(Captioned web image data)
= = =
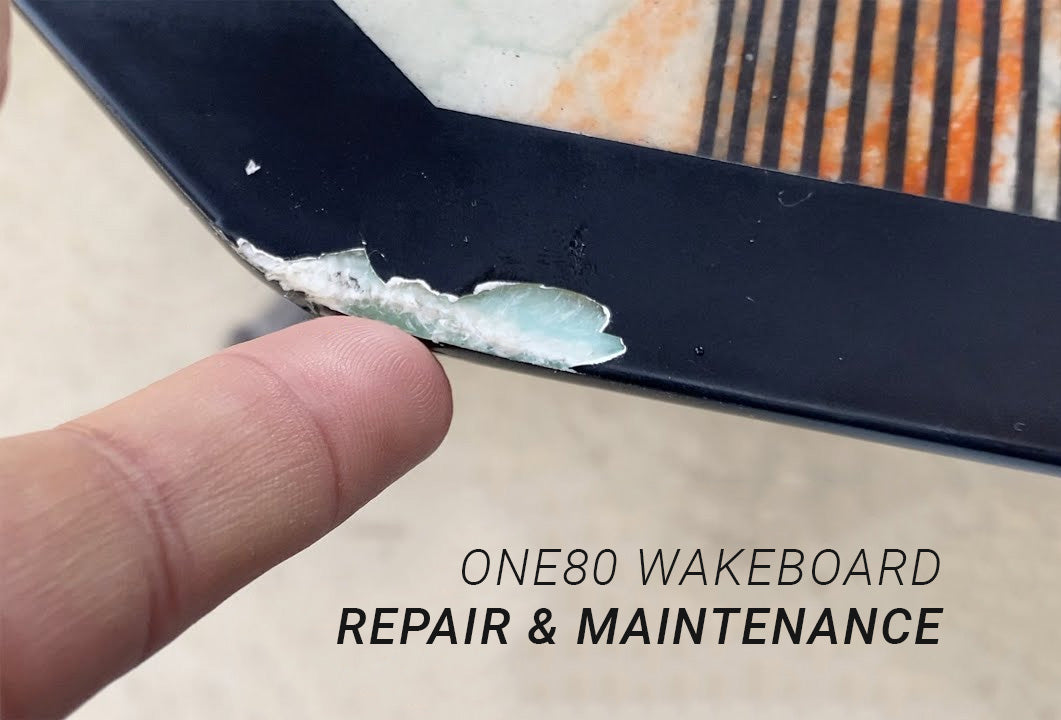 wakeboard-maintenance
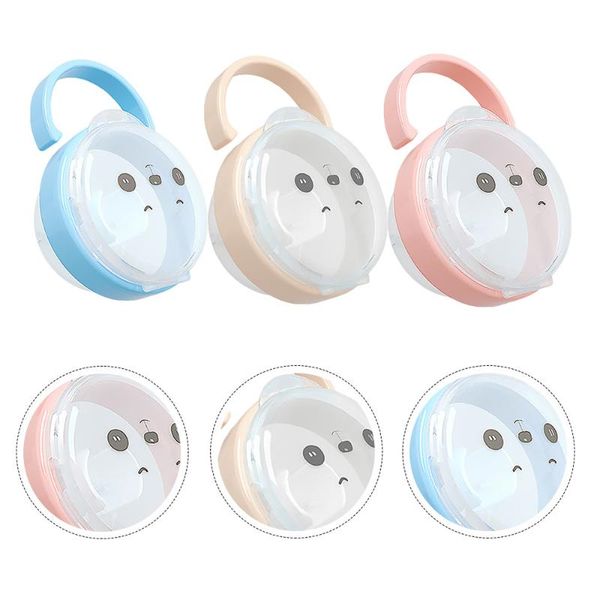 3pcs baby pacifier storage box transparent pacifier container dust-proof holder portable infant case for baby
3pcs baby pacifier storage box transparent pacifier container dust-proof holder portable infant case for baby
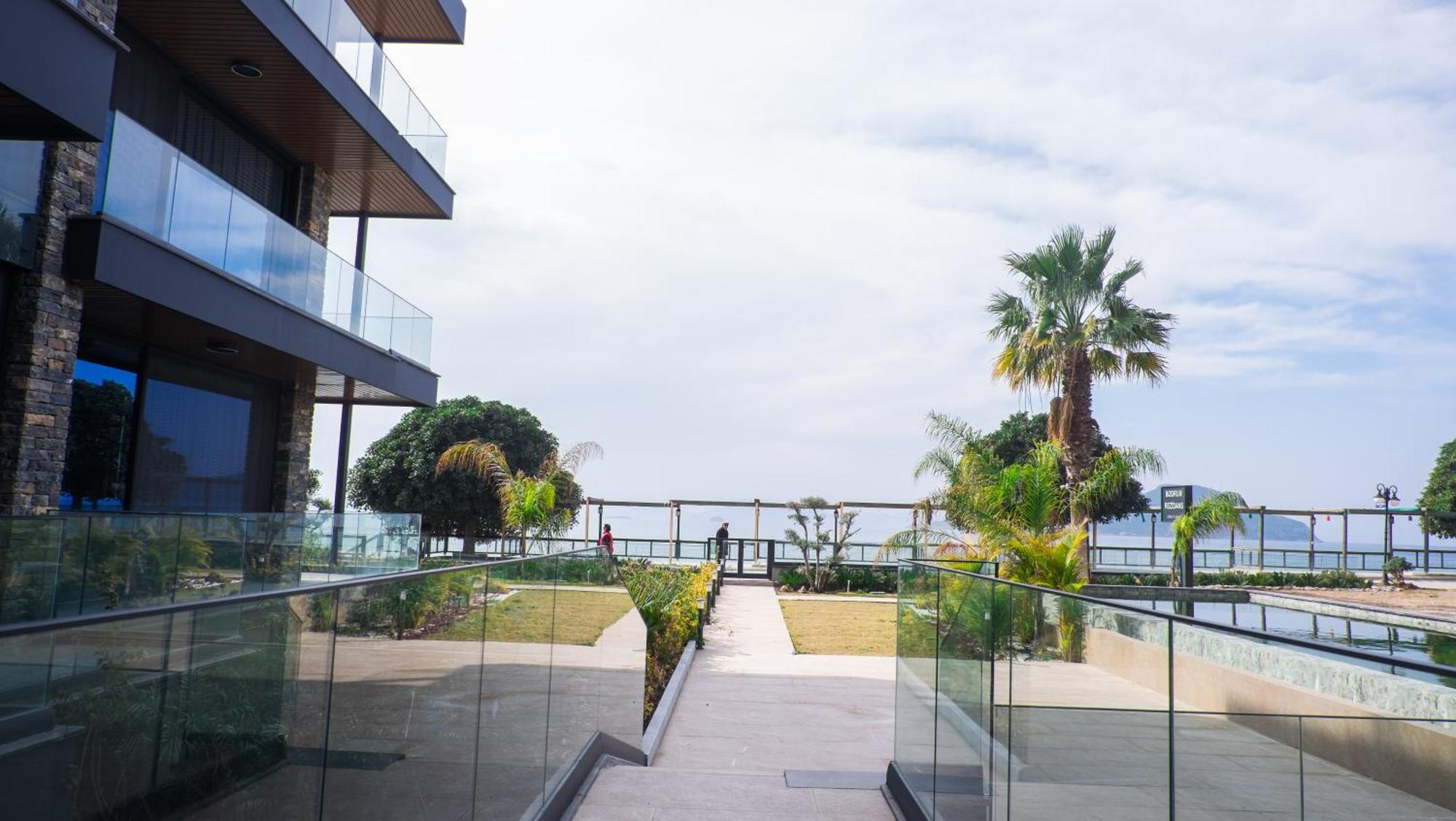 Bodrum Ada Apart Otel Turgutreis Muğla Esterno foto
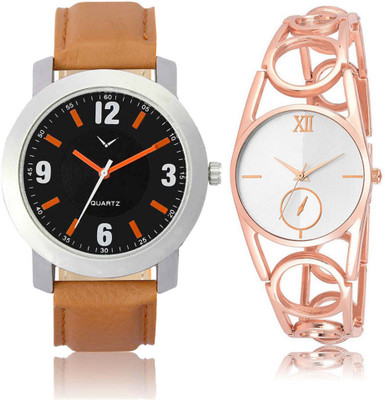

SRK ENTERPRISE Couple Watch Combo LR 213 _VL 028 Watch - For Men & Women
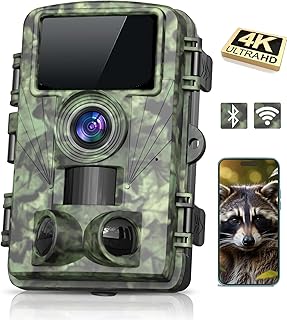 4K WiFi Game Trail Camera
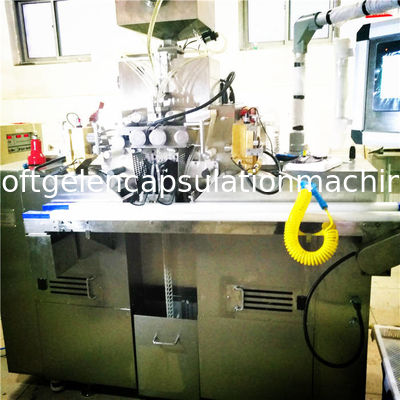 High Precision Paintball Manufacturing Machine 4 Inch Small Scale For Soft Capsule CE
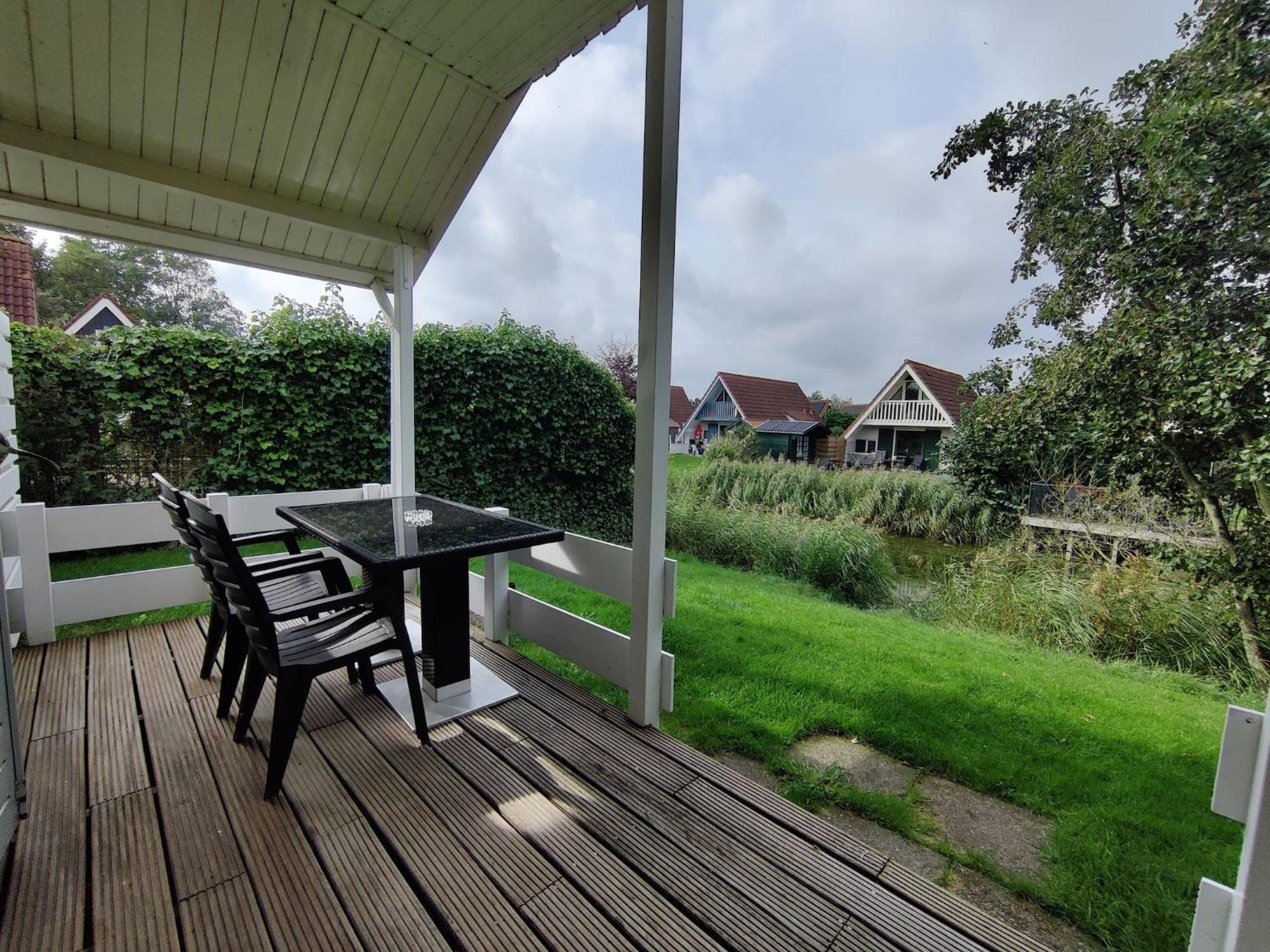 Vakantiehuis Bij Lauwersmeer Anjum Exterior foto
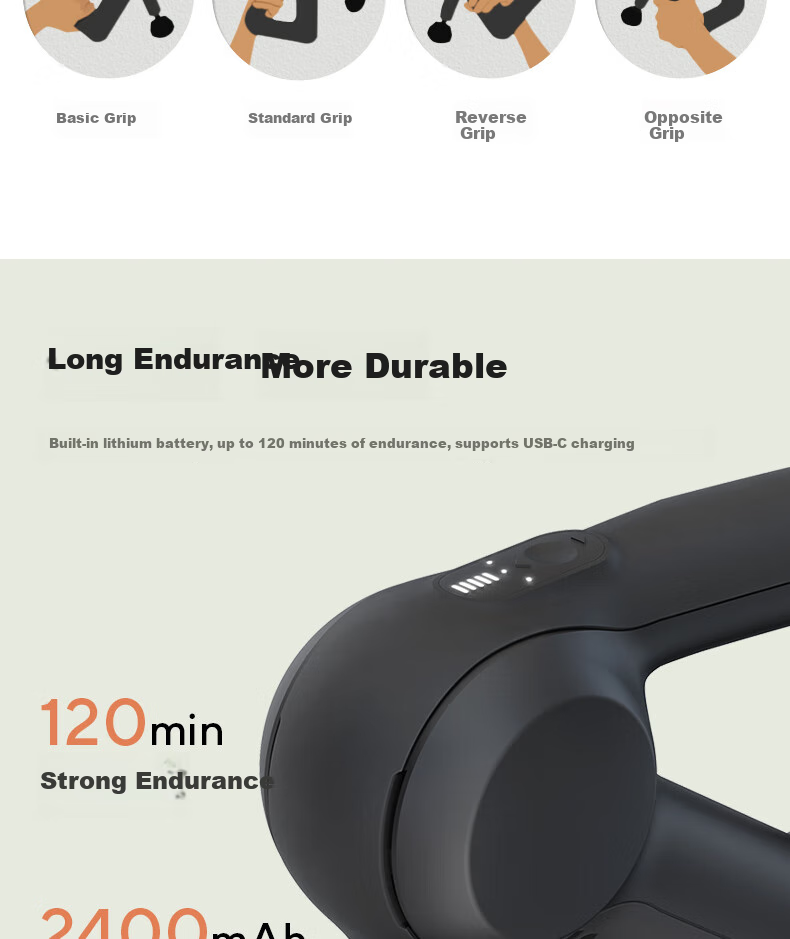 Перкуссионный массажер Therabody Theragun G5 Prime Premium Edition для глубокого расслабления мышц, спортивного массажа, подарок для мужчин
= = =
### WHAT TO DO:
The finished copy should match the data above word for word and contain no pictures.

### ANSWER TO THE EXERCISE:
 wakeboard-maintenance
 3pcs baby pacifier storage box transparent pacifier container dust-proof holder portable infant case for baby
3pcs baby pacifier storage box transparent pacifier container dust-proof holder portable infant case for baby
 Bodrum Ada Apart Otel Turgutreis Muğla Esterno foto

SRK ENTERPRISE Couple Watch Combo LR 213 _VL 028 Watch - For Men & Women
 4K WiFi Game Trail Camera
 High Precision Paintball Manufacturing Machine 4 Inch Small Scale For Soft Capsule CE
 Vakantiehuis Bij Lauwersmeer Anjum Exterior foto
 Перкуссионный массажер Therabody Theragun G5 Prime Premium Edition для глубокого расслабления мышц, спортивного массажа, подарок для мужчин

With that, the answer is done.